Our guide to dance performances happening this weekend and in the week ahead.
ALVIN AILEY AMERICAN DANCE THEATER at New York City Center (Dec. 13, 8 p.m.; Dec. 14, 2 p.m. and 8 p.m.; Dec. 15, 3 and 7:30 p.m.; Dec. 17-19, 7:30 p.m.; through Jan. 5). Ailey’s robust season lineup is enhanced this week with two company premieres. On Friday, the troupe, for the first time, performs“Busk,” created in 2009 by the meticulous, idiosyncratic choreographer Aszure Barton. It gets an encore on Saturday evening with two new works by Jamar Roberts and Darrell Grand Moultrie. On Tuesday, the company adds to its repertory “City of Rain,” a galvanic 2010 work by Camille A. Brown that reflects her physical fervor and acuity.
DORRANCE DANCE at the Joyce Theater (Dec. 17-18, 7:30 p.m.; Dec. 19, 8 p.m.; through Jan. 5). This popular company divides its three-week residency into three distinct programs. The one thing they all have in common is “The Nutcracker Suite,” a new work set to Duke Ellington and Billy Strayhorn’s effervescent rendition of Tchaikovsky’s standard holiday soundtrack. We’re used to experiencing that familiar tale through the delicate vocabulary of ballet; here Dorrance tells it with gusto through tap, letting us feel and hear it in a fresh way. Joining that work on the first program (through Dec. 22) is “All Good Things Come to an End,” a sweet, incisive, vaudeville-inspired work set to the music of the jazz great Fats Waller.

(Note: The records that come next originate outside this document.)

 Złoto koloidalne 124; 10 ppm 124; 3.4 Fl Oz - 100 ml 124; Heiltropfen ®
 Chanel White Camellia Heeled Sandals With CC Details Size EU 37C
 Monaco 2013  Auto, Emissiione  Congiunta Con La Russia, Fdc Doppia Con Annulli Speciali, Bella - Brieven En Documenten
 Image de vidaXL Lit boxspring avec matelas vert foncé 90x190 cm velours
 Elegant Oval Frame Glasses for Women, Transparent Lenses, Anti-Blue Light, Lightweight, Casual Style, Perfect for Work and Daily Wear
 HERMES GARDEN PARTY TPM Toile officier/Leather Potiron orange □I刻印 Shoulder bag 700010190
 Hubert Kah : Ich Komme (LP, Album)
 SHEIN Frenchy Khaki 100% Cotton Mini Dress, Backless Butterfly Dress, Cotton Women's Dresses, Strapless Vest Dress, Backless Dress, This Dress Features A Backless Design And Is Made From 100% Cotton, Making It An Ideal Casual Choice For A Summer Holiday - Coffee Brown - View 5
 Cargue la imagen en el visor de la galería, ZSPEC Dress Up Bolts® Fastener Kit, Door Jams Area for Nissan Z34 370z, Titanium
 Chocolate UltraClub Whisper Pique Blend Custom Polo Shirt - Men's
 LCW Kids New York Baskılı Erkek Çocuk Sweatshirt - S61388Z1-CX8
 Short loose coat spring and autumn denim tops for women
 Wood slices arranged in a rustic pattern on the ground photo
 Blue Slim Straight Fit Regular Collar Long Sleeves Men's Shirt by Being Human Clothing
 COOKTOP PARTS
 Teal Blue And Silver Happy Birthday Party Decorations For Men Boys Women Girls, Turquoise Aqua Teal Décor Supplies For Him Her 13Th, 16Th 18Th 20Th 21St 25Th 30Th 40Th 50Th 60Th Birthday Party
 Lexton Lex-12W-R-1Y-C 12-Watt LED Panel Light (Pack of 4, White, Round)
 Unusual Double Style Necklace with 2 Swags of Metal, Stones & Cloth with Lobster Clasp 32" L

FRESH TRACKS at New York Live Arts (Dec. 13-14, 7:30 p.m.). This artist development initiative provides five emerging choreographers with rehearsal space, resources and mentorship to put their vision onstage. The program’s concluding showcase features Anh Vo’s “Babylift,” a solo reflecting on the Vietnam War; Annie Heath and Sokunthary Svay’s “This Mother/land Fabric,” which explores relationships to mothers and homes; Jordan Demetrius Lloyd’s “Neighbors,” in which five dancers try to avoid collision; Kayla Hamilton’s “Nearly Sighted/Unearthing the Dark,” an exercise in contact improvisation with light; and Stuart B. Meyers’s “KOPFKINO: head cinema,” a dialogue with German Expressionism.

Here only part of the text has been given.